--- Task data ---

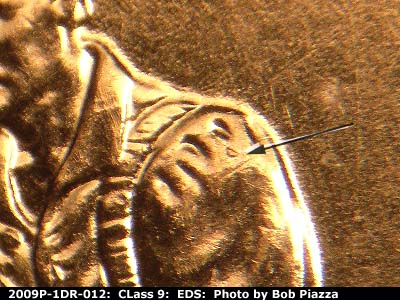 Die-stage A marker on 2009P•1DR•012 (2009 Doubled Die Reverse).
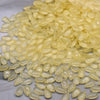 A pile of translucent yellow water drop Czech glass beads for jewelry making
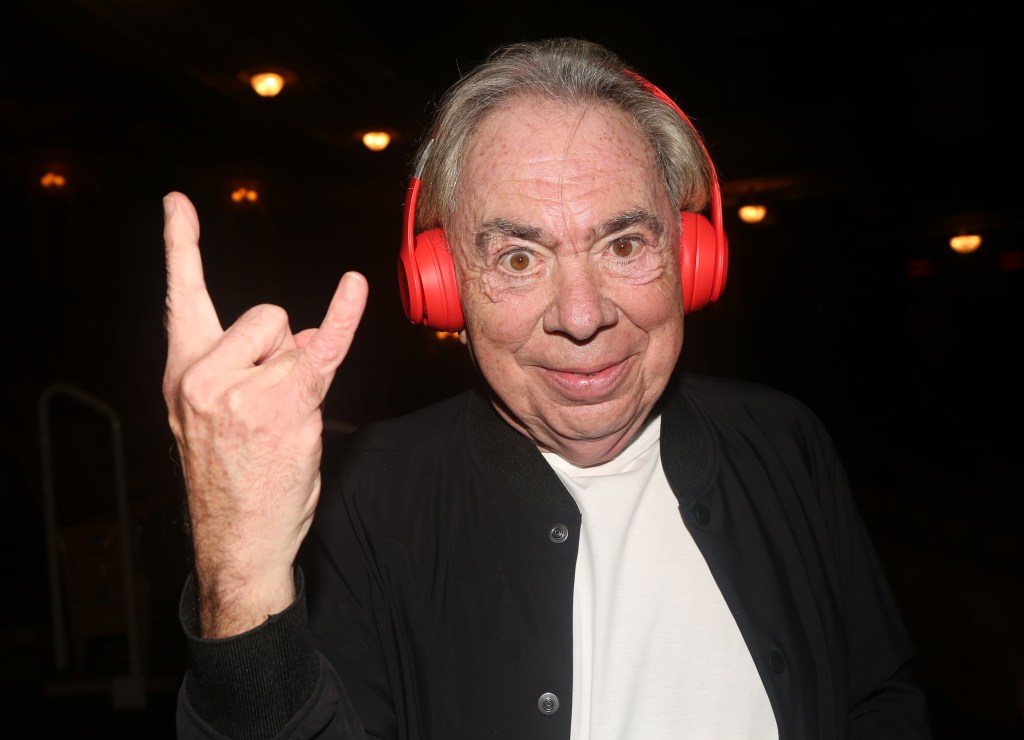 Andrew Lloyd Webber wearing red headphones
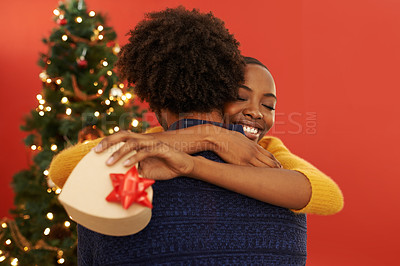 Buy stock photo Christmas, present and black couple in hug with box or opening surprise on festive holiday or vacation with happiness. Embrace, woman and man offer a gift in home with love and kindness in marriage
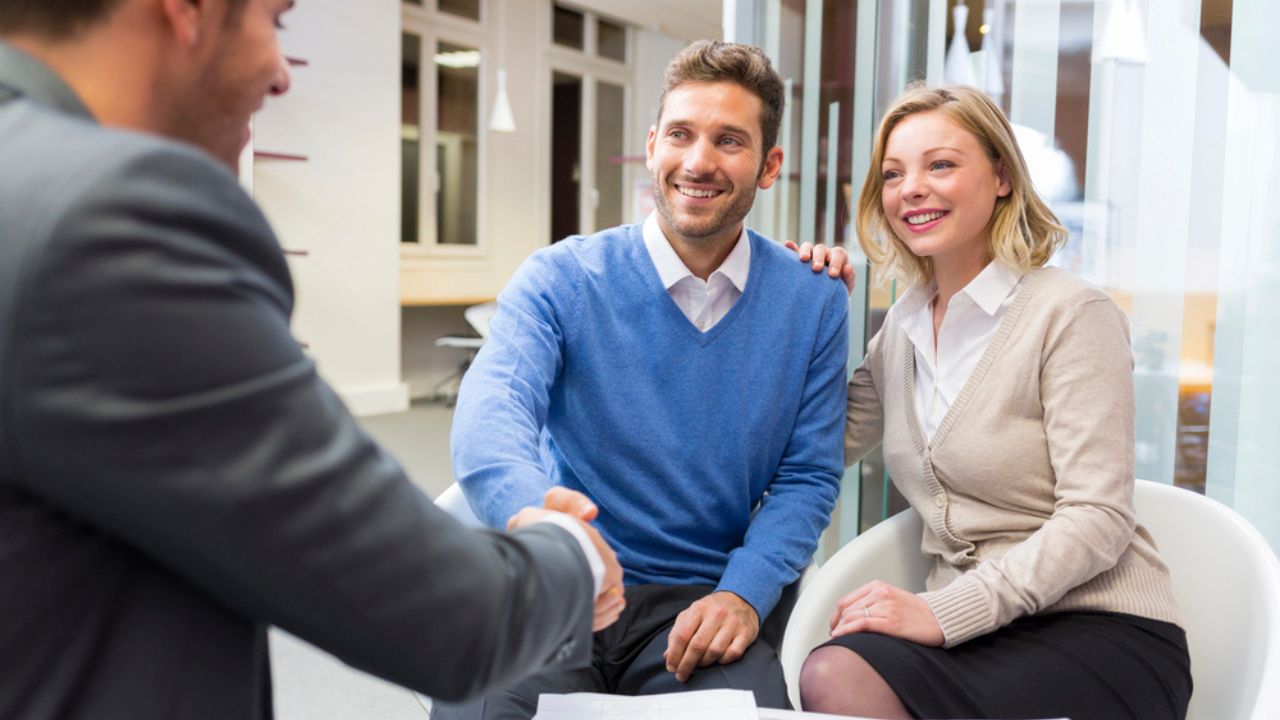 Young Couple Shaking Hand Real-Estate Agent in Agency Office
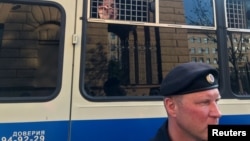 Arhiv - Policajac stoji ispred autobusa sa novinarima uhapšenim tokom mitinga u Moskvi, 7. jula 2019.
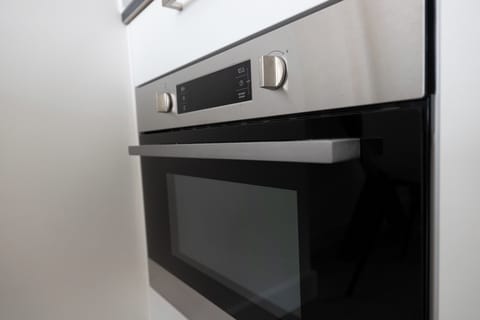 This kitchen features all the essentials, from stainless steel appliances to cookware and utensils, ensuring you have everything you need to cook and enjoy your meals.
---
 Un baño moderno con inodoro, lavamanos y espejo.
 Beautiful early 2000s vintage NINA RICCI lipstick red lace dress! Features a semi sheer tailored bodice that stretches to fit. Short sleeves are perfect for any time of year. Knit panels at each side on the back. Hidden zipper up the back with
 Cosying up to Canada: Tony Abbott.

--- Task directions ---
Only the lines between the one with "Young Couple Shaking" and the one with "Arhiv - Policajac", those two included, get copied from the material above. Keep it exact and free of pictures.

--- Problem solution ---
 Young Couple Shaking Hand Real-Estate Agent in Agency Office
 Arhiv - Policajac stoji ispred autobusa sa novinarima uhapšenim tokom mitinga u Moskvi, 7. jula 2019.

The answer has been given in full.